Onun disinda ilk yapilmasi gereken detayli bir sehir haritasi bulmak
ve bolgeleri incelemek diyebilirim. Benim yol arkadasim gibi daha
modern olanlar icin ise akilli telefonlarin maps applicationlari daha
iyi olacaktir. Hatta biz otelde internet varken haritalari kaydedip
gun icerisinde ekran goruntulerinden yararlandik. Sokak numaralari
oldukca duzenli oldugu icin benim gibi yol-yon kavrami olmayan biri
bile fazla kaybolmadan yolunu bulabilir. Kuzeyini guneyini, batini
dogunu ayirt edebiliyorsan New York tam sana gore. Ustelik metro agi
cok genis, her yerde karsiniza cikacak duraklari. Kalabalik (tiklim
tiklim) ve pis (fare de gorduk) olduklari gercegi bir yana sehirdeki
herkes metro kullaniyor.
New York Subway |
Biz downtown da, Greenwich Village dedikleri bolgede bir butik oteli
tercih ettik. The Marlton Hotel duydugumuz kadariyla eskiden
NY Universitesi'nin yurdu olarak kullanilan bir bina da, okula
gercekten cok yakin. Bu sayede gunun her saati cevresi ogrencilerle
dolu, canli ve keyifli fakat iyi bir muhitte oldugu icin fiyatlar
biraz yuksek. Bizim avantajimiz, otelin yeni aciliyor olmasi ve epey
erken rezervasyon yapmamiz oldu sanirim. NY'a gidip otelde kalmayi
dusunenler icin bu oteli onermek ile beraber Chinatown, Chelsea
tarafinda daha uygun veya Broadway, Times Square civarinda daha
merkezi oteller bulabileceginizi belirtmeliyim. Otel
rezervasyonlarini kesinlikle erken yapmak gerekiyor, odalar aylar
oncesinden doluyor. (www.booking.com
dan rezervasyon yapmak oldukca faydali olacaktir, otellerin kendi
sitelerinde bazen fiyatlar cok daha yuksek oluyor. Ustelik sizden
once kalanlarin yorumlarini okumak ve otelin kac puan aldigina bakmak
da onemli. Bu siteden otel ucretini odemiyorsunuz sadece rezervasyon
ucreti olanlar icin ucret cekiliyor kartinizdan.

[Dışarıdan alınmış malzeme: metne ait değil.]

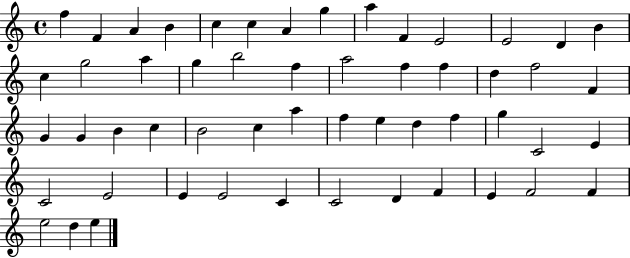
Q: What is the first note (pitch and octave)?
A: F5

Onun disinda otelden
cikis yaparken istediginiz sekilde kart yada nakit olarak
odeyebiliyorsunuz.)
The Marlton Otel |
Kaldigimiz otele 2 dakika oldugu icin sabah kahvaltilarini aceleye
getirdigimiz gunler sandvic, kahve, sut, hazir yemek gibi seyler alip
(Duane Reade, CVS yada Starbucks'tan), Washington Square Park'a
gittik. Her daim canli muzigin oldugu, yan bankta mutlaka yemek yiyen
yada bebegiyle guneslenen birilerini goreceginiz, bir kosesinde
satranc oynayanlarin bulundugu, bu sehirde herkesin kopegi var diye
dusunmenizi saglayan, bana biraz Ankara'daki Kugulu Parki animsatan
bir yer. New York Universitesi'ne ait olan Fransiz Evleri de
gezilebilir oraya gitmisken, ogrencilerinin renkliligi, giyim
tarzlari ilgi cekici.
*Washington Square Park, Sincap |
Acikirsaniz okulun karsisinda bulunan fiyatlari uygun, saglikli
yemekler yapan Cosi'yi deneyebilirsiniz, ogle yemekleri yada
sadece atistirmak icin ideal. Village cevresini anlatmaya basladigim
icin aksam yemegi icin de bir yer onermek istiyorum. Balayina Bali'ye
gittigimiz de yemeklerinin farkliligina bayilmistik esimle. Sunum
sekilleri de cok ozel olmakla beraber kullandiklari deniz urunu,
sebze ve meyvelerin cesitliligi bizi daha cok etkilemisti. Bu
lezzetlere yakin bir yer icin East
Village da
bulunan Zabb Elee enfes bir
tercih oluyor soylemesi benden.
*Papaya Salatasi |
Washington Square Parki her ne
kadar neseli ve renkli olsa da New York deyince hepimizin aklina ilk
gelen tabi ki Central Park.
Parkin bahar aylarinda daha da guzel oldugu iddia edilir hep. Ekim
ayinda orada oldugumuz icin sansliydik bu acidan; yesili, sarisi ve
kirmizisi boldu parkin. Sehrin bu kadar merkezinde olup sehirden
kacmissin hissini verebilen bir yer olmasi bence en onemli ozelligi.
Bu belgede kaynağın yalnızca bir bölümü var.